Large Language Models (LLMs) have made remarkable strides in mimicking human-like text generation, but their ability to perform complex reasoning tasks presents a distinct challenge. Reasoning involves structured thought processes that require logical deduction, mathematical computation, and linguistic understanding—capabilities that extend beyond pattern recognition in training data.Recent research, including work by McCoy et al. (2024), has revealed that LLM reasoning is fundamentally shaped by probabilistic patterns encountered during training rather than formal logical deduction. This creates inconsistencies when LLMs face tasks requiring rigorous reasoning steps. Similarly, Mirzadeh et al. (2024) demonstrated that LLMs exhibit significant performance variations when responding to different formulations of the same question, suggesting a reliance on pattern matching over true logical reasoning.
Our benchmark was designed to address limitations in existing LLM evaluation methodologies by implementing a comprehensive, multi-dimensional assessment approach. Building on methodological advances from Apple's GSM-Symbolic framework (Mirzadeh et al., 2024), we developed an evaluation system that allows for controlled assessment of reasoning capabilities across varying domains and complexity levels. Traditional single-point metrics often obscure important performance characteristics of LLMs. By incorporating questions rewritten and reworked from diverse benchmark sources according to the GSM-Symbolic methodology, our framework enables a more nuanced understanding of how LLMs perform across different reasoning tasks and complexity gradients. We plan to expand this small dataset in the future with new questions and challenges to further test both existing and future models.

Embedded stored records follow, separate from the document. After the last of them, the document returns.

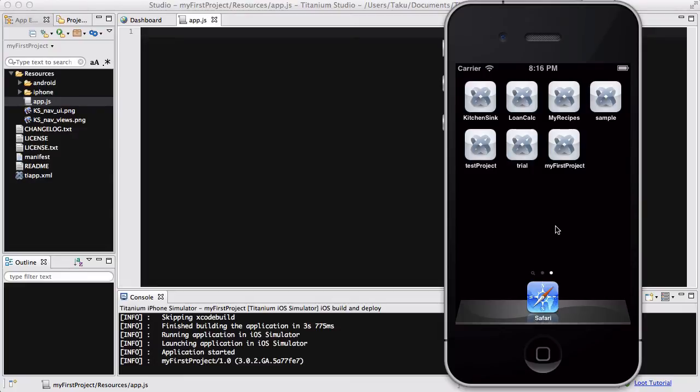Hello everyone, in this video we are going to be creating tables in Appcelerator Titanium.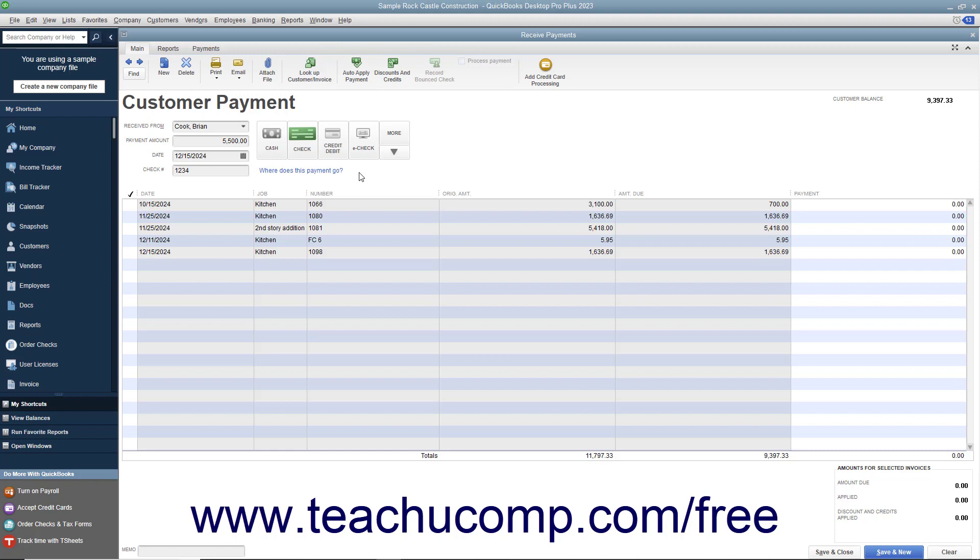In the listing of unpaid invoices, you can click into the white rightmost column and change the amount applied to the desired invoice by typing the partial payment amount.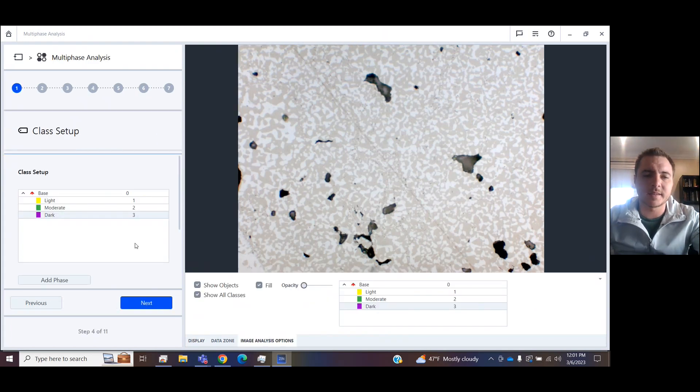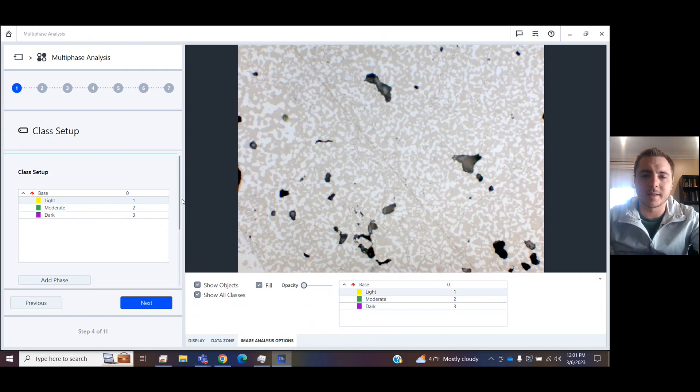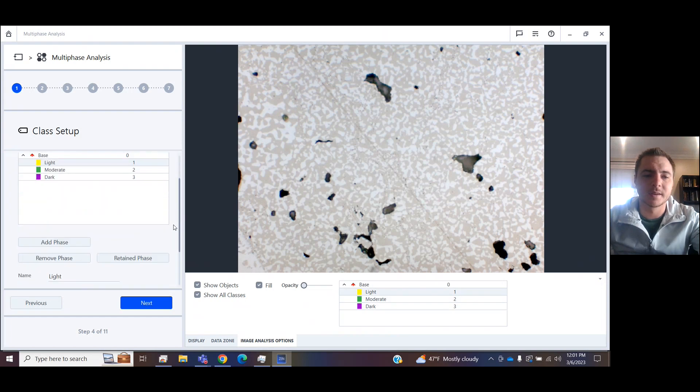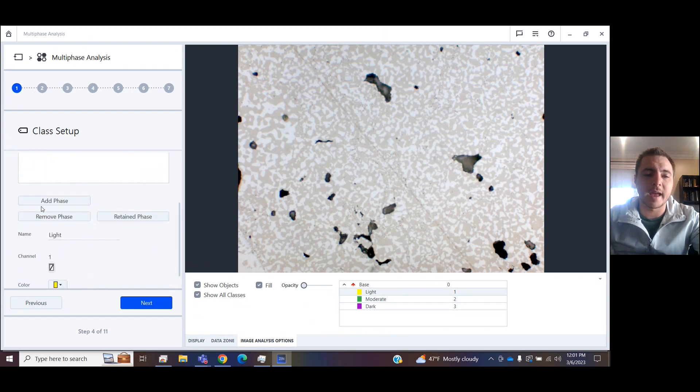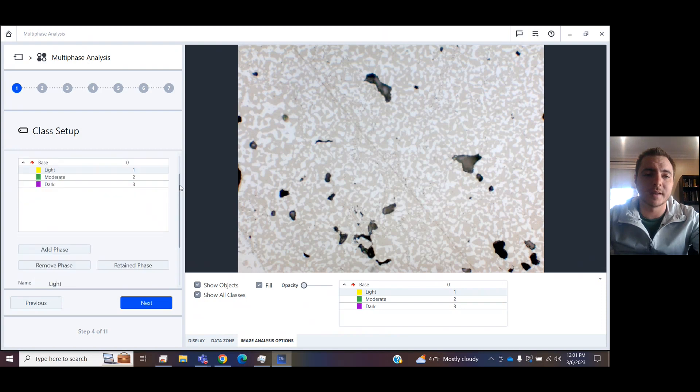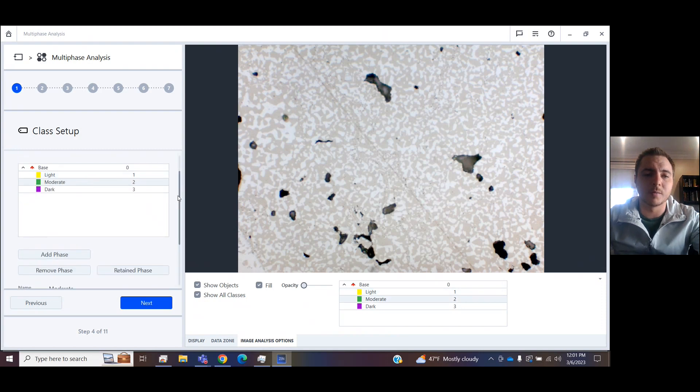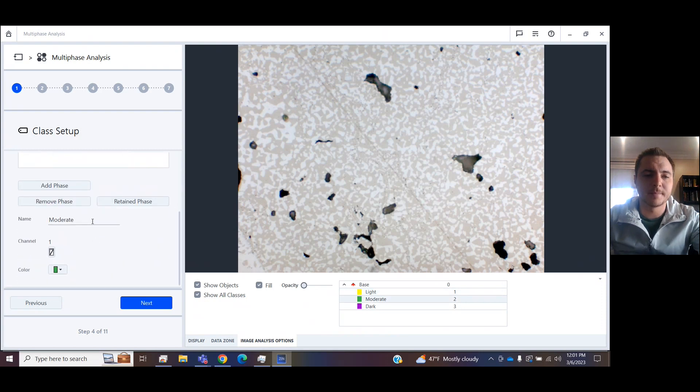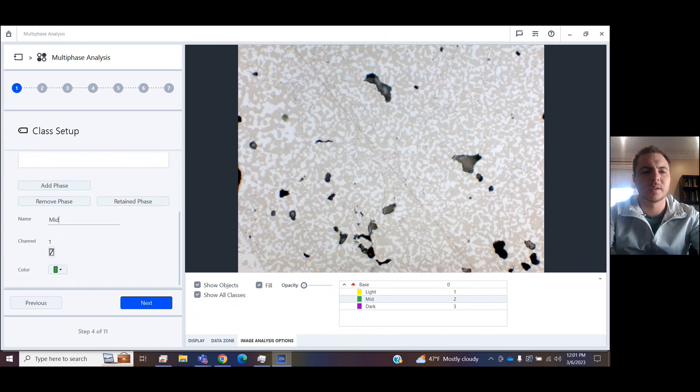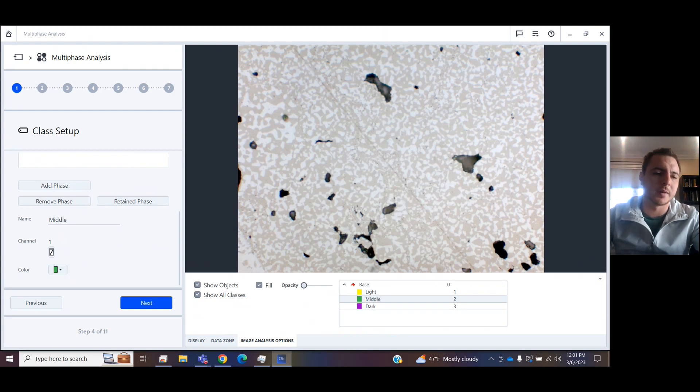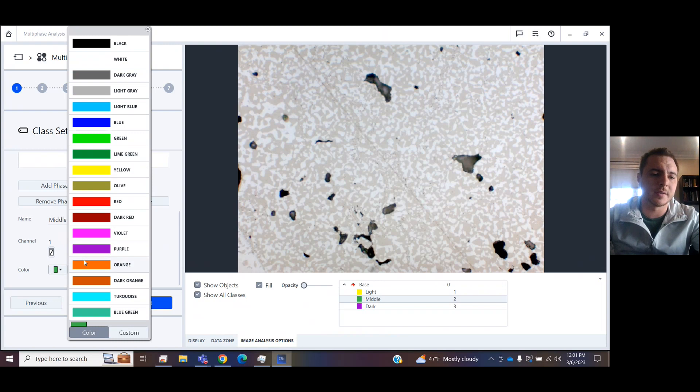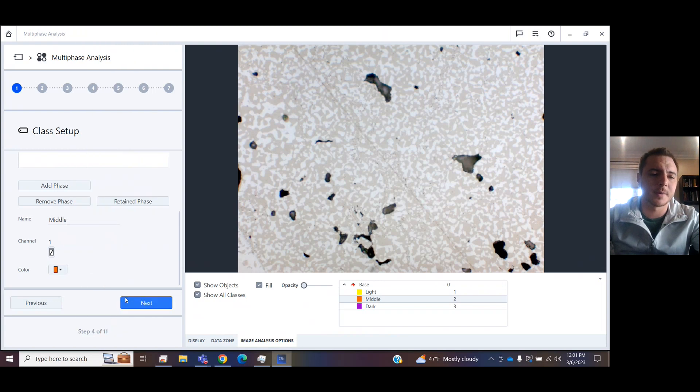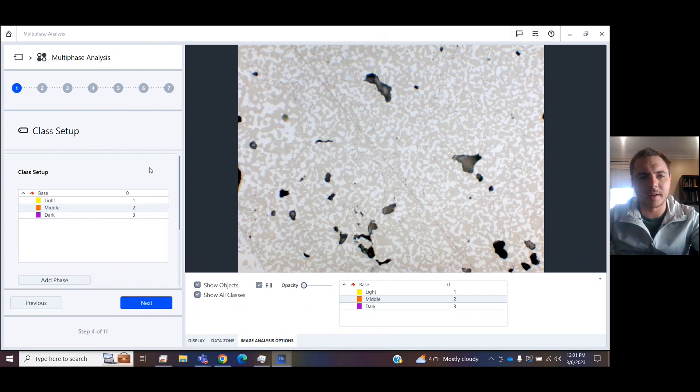In the next step, you can set up different classes. So you could add as many as 32 phases on here. You can rename them. In this particular example, I see three, so we're going to do three, and you can change the color. So this is where we just tell it all the different phase classes.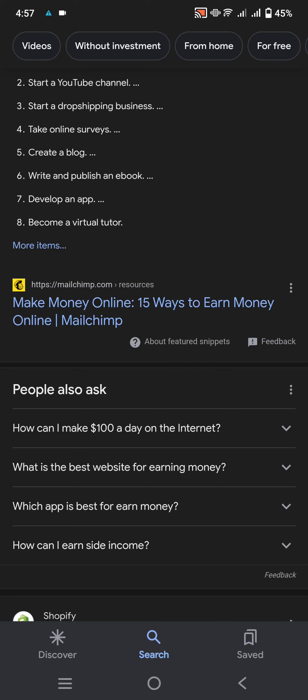howtoonlinealibaba.com — different platform online money without investment.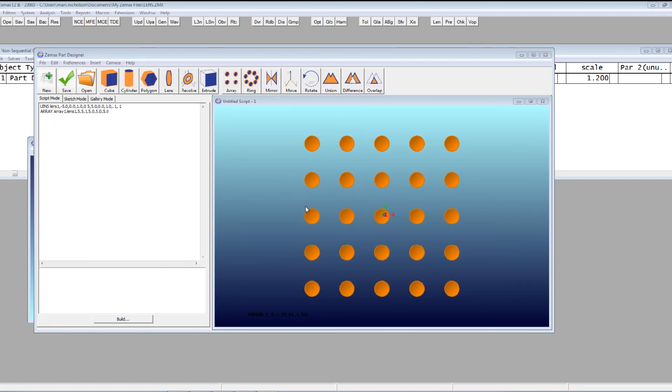And that really is the ZMAX part designer. Very powerful, very flexible. Really developing into a miniature CAD program within ZMAX itself. Thanks very much for watching this.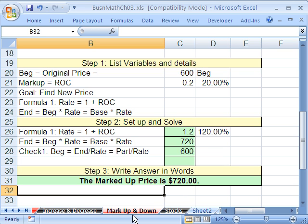So that's markup and markdown. When we come back, we have one last little example of rate of change for stocks. See you then.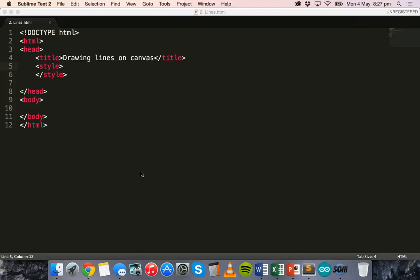Hello and welcome to another tutorial on the HTML5 canvas element. In this tutorial we're going to look at how to draw lines on the canvas.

Our benchmark deliberately distributes tasks across three fundamental domains to provide a comprehensive assessment of LLM reasoning capabilities:
Language tasks evaluate an LLM's ability to understand and manipulate linguistic structures, including:
- Challenging translations between languages requiring semantic preservation
- Word problems and riddles demanding creative linguistic reasoningLinguistic patterns and puzzles that test pattern recognition
- Semantic analysis and interpretation of complex text
- Pragmatic reasoning about implied meaning and contextual understanding
While language tasks represent a smaller portion of our benchmark, they provide essential insights into models' foundational linguistic reasoning abilities that underpin performance across all domains.
Mathematical reasoning tasks comprise the second-largest portion of our benchmark, encompassing a diverse range of mathematical disciplines:
- Physics problems requiring application of formulas and physical principles
- Geometric reasoning involving spatial relationships and proofs
- Probability and statistical reasoning with uncertainty quantification
- Algebraic manipulation and equation solving
- Word problems requiring translation between linguistic and mathematical domains
The substantial emphasis on mathematical tasks is informed by previous research (Mirzadeh et al., 2024) demonstrating that mathematical reasoning presents particular challenges for LLMs due to their reliance on pattern matching rather than formal reasoning systems.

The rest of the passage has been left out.